*** Provided records Section Begins ***

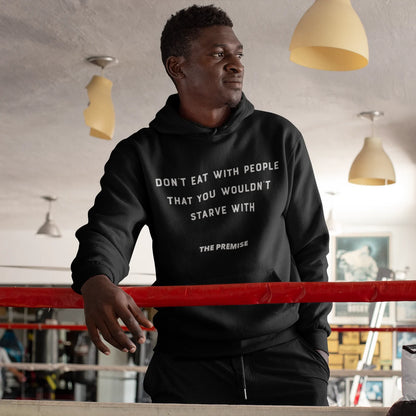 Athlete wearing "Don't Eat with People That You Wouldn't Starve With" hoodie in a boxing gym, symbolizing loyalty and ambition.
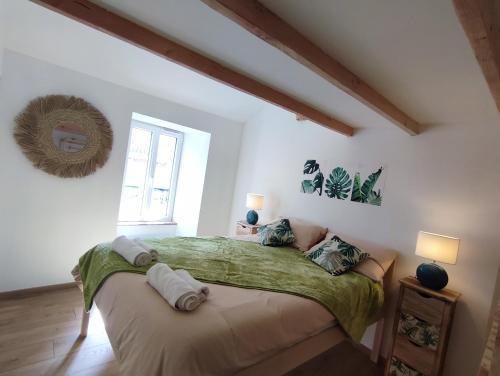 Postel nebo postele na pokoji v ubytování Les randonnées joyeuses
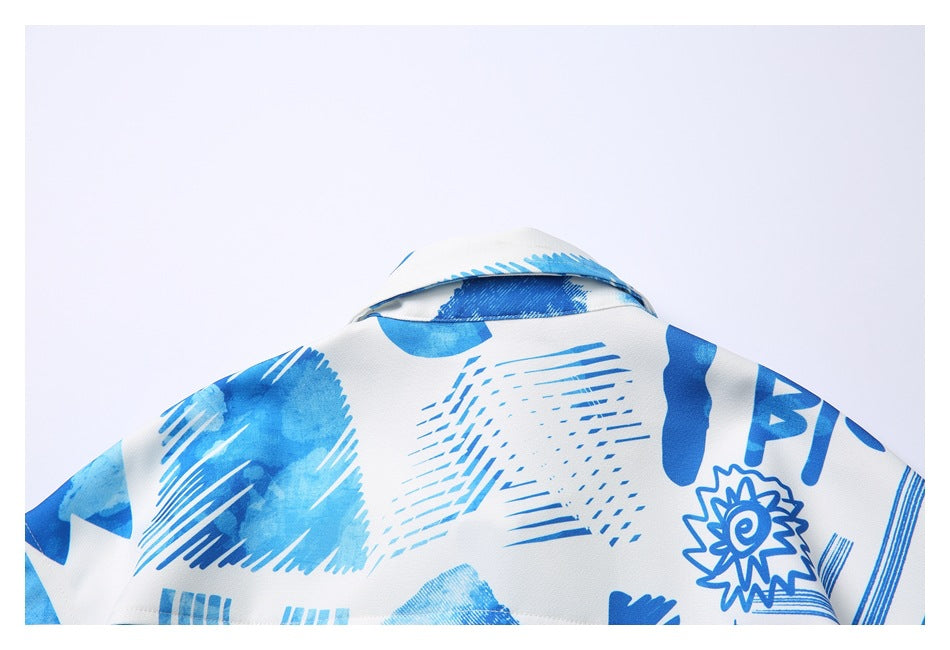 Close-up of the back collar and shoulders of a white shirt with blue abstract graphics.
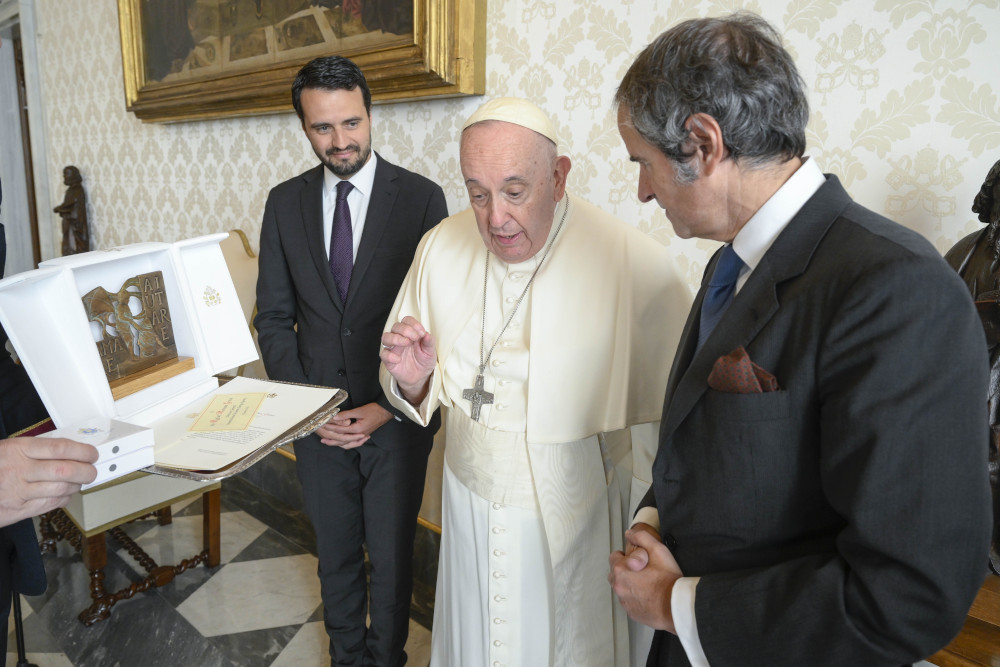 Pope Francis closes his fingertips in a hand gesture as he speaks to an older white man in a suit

*** Provided records Section Ends ***
*** Provided records Section Begins ***

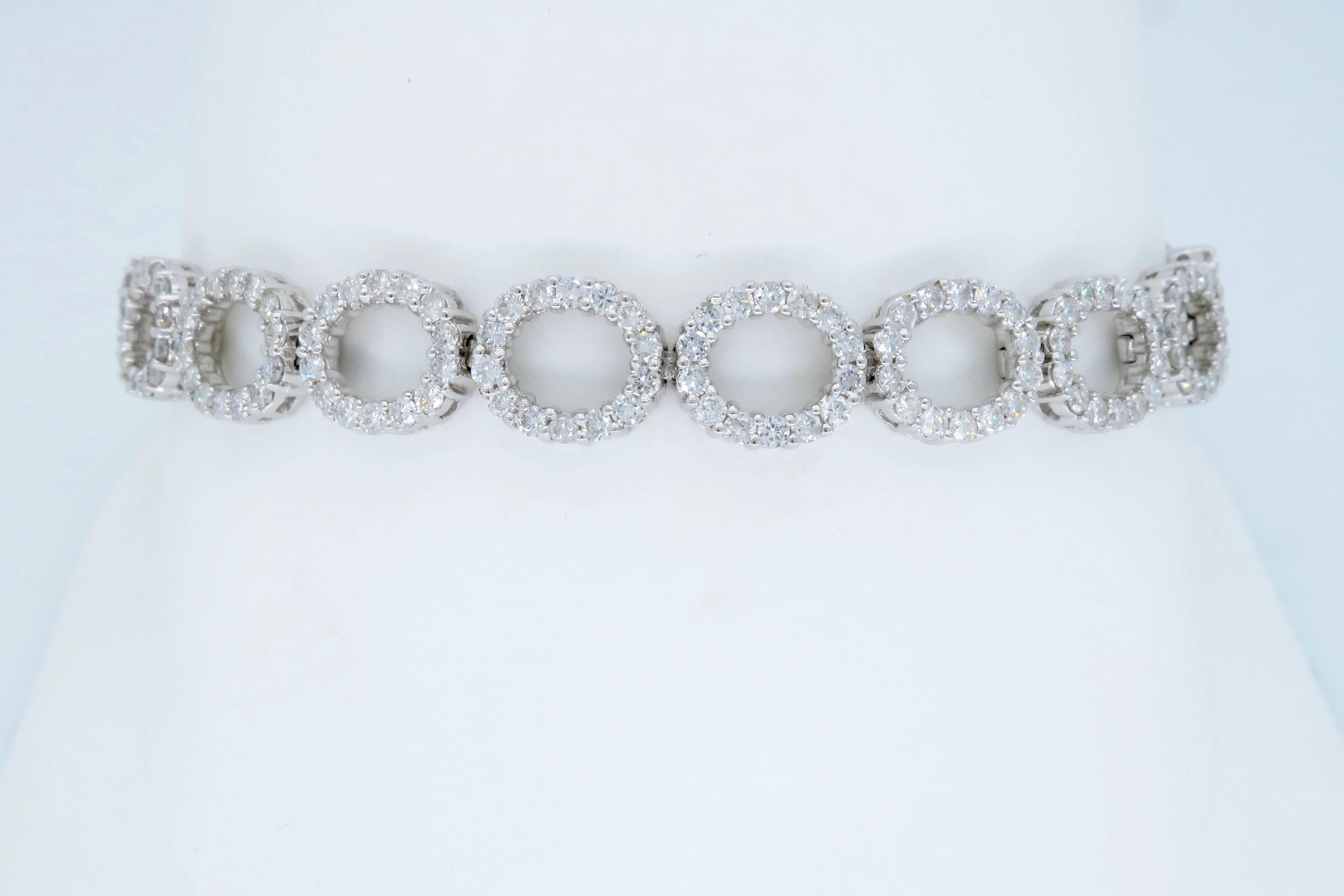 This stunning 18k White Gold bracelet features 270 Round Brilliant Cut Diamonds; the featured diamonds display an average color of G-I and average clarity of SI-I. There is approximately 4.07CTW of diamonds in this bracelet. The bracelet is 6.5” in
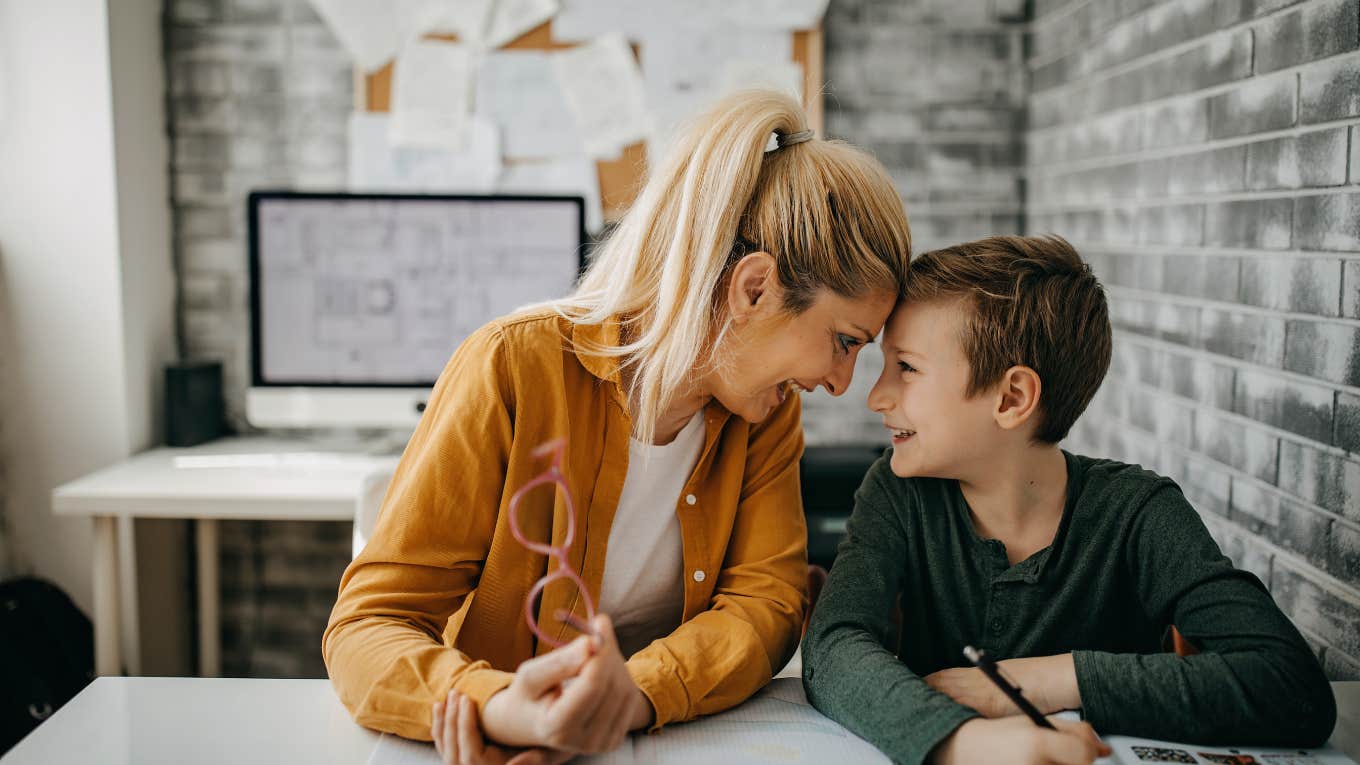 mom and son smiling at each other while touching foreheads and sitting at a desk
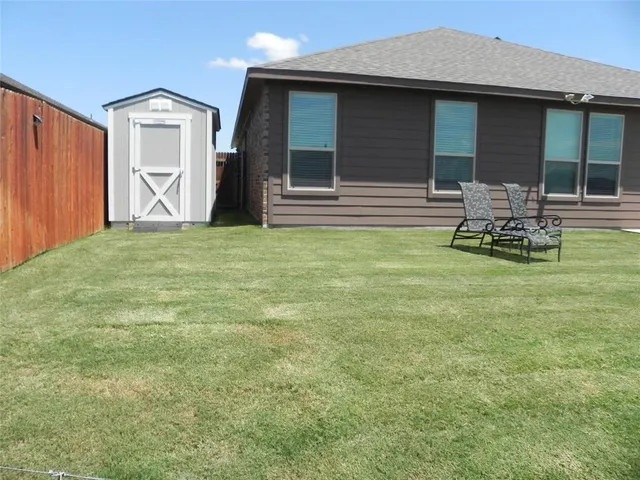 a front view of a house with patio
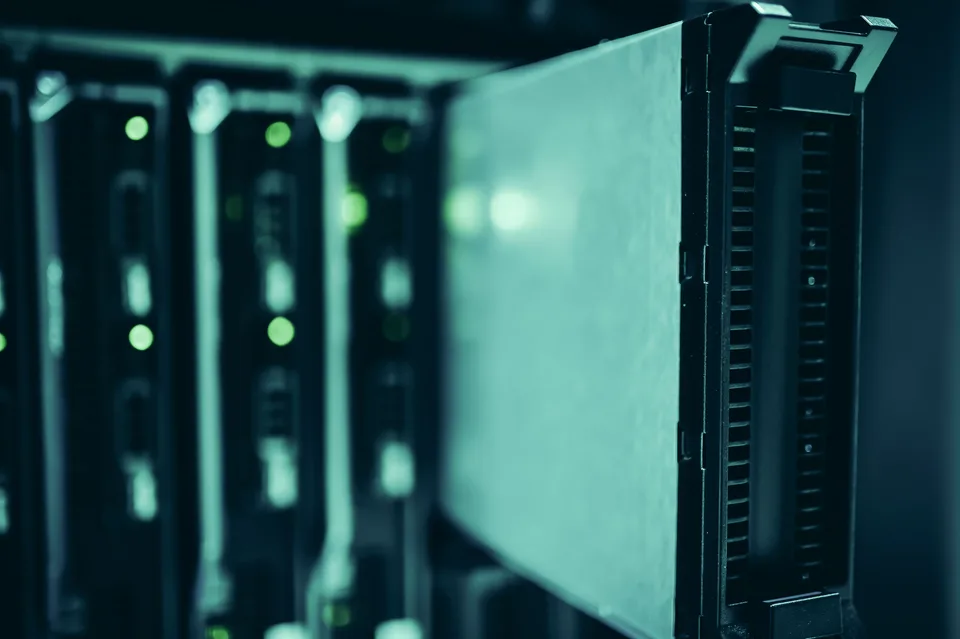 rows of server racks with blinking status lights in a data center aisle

*** Provided records Section Ends ***

* Exercise directions: Using the records above, return word for word the lines that begin at the one containing "This stunning 18k" and end at the one containing "rows of server", both of them included and no pictures.

* Output below:
 This stunning 18k White Gold bracelet features 270 Round Brilliant Cut Diamonds; the featured diamonds display an average color of G-I and average clarity of SI-I. There is approximately 4.07CTW of diamonds in this bracelet. The bracelet is 6.5” in
 mom and son smiling at each other while touching foreheads and sitting at a desk
 a front view of a house with patio
 rows of server racks with blinking status lights in a data center aisle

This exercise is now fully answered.